Archaeological work has determined the exact site of the fort, and the outline of the fort — the five palisade walls each a football field in length — is marked by a gravel walking path. Interpretive signs tell the story along the way.
Last week I drove to the fort site — a mile down an unpaved road off the main highway — and walked the length of the fort’s perimeter with a group of local residents, including Nancy Avery, Gay Neale and Neblett, all members of the Fort Christanna site development committee.
We went from corner to corner, where bastions once stood, on the path that today is a walk through the woods. Trees block the view to the nearby Meherrin, but downhill trails lead to the river.
“The river is perfectly beautiful, absolutely pristine,” said Neblett, chairman of the committee. “It probably looks right now just the way it did 300 years ago.”
Besides the walkway and signs, the site features an outdoor classroom of concrete seats made to look like upright logs.
The cannon, though on a newer stone pedestal, is still there.

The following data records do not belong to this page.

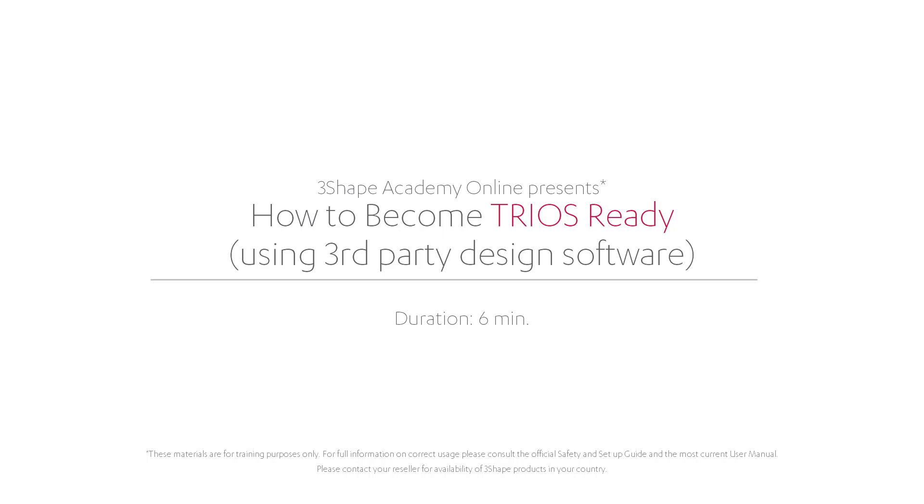In this video you will learn how, as a lab using third-party design software, you can optimize your workflow for receiving and working with TRIOS scans and benefit from 3Shape's promotion of you as a TRIOS Ready Lab.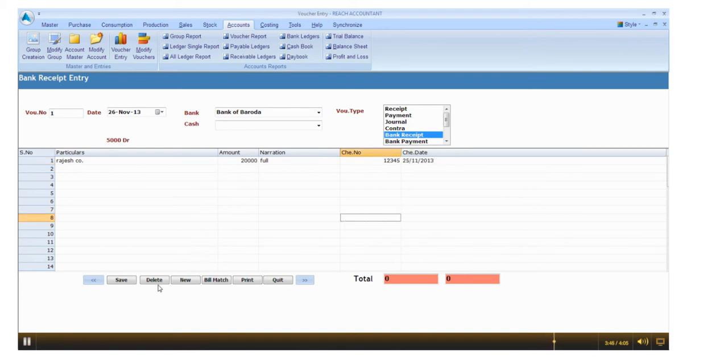Click save button and click new button for another entry, otherwise click quit.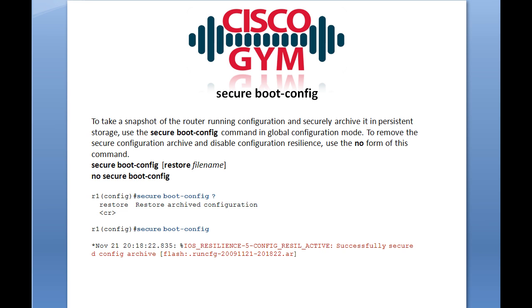Let's take a look at the first of our two global configuration commands. The first one is the secure boot config command. The Cisco description of this is to take a snapshot of the router running configuration and securely archive it in persistent storage — flash.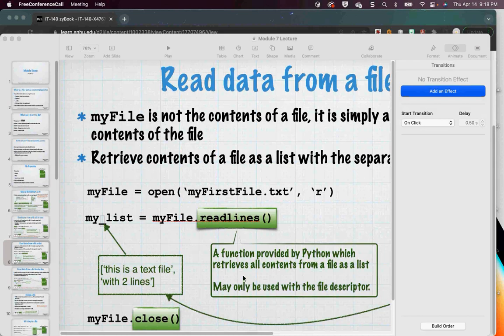readlines() inside a loop will work really well, but there's something that will work better and we'll get to that. Python gives you some stuff that's even better.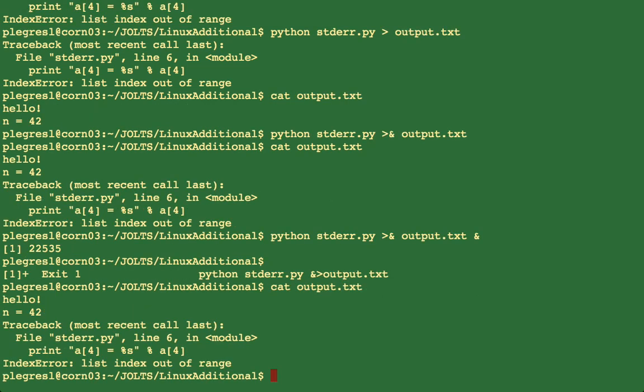So just be aware that when you're looking through this command and seeing ampersands that there's actually two different meanings depending on where they appear in the command.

Fort Christanna is on the Civil Rights in Education Heritage Trail and also is a stop on the Virginia Birding and Wildlife Trail.
Future development could include recreational trails, greater access to the river and more educational programs.
“The potential for this place is overwhelming,” Avery said.
One missing piece to the story of Fort Christanna is the exact location of the nearby Indian town where the Saponie tribes lived.
Kincheloe said at least two archaeologists are interested in pursuing a project that would pinpoint the location of the town, which could unearth artifacts and something more.
“Because the story of Christanna has been told largely from an English point of view, it’s been difficult to get the full significance of the fort,” said Kincheloe, who recently completed a manuscript about the Indian people at Christanna. “Many of us are looking forward to a time when we can excavate the site … so we can tell the side of the story from the Indian people.”